_DATA:_
++++++

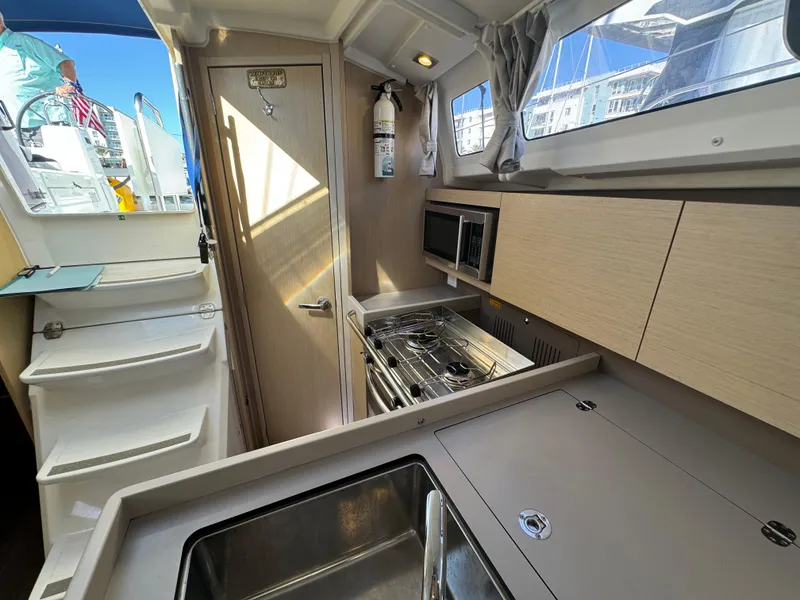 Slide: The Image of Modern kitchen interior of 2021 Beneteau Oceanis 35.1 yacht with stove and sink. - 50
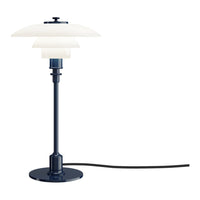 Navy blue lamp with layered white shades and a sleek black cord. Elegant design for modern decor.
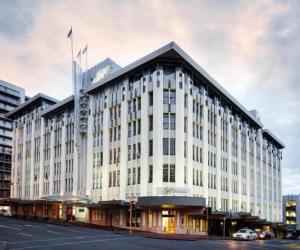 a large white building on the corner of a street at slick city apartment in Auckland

++++++

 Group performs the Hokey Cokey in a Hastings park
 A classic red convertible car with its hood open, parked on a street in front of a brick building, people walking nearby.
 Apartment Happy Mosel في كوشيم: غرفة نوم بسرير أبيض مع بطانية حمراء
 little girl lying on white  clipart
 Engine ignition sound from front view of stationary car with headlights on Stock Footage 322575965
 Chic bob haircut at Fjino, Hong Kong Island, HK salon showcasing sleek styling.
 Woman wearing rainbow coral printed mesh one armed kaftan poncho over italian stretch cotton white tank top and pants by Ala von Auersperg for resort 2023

++++++

Both boundary lines included, write out word for word only the lines above from the one containing "Slide: The Image" to the one containing "a large white", leaving out any pictures.

 Slide: The Image of Modern kitchen interior of 2021 Beneteau Oceanis 35.1 yacht with stove and sink. - 50
 Navy blue lamp with layered white shades and a sleek black cord. Elegant design for modern decor.
 a large white building on the corner of a street at slick city apartment in Auckland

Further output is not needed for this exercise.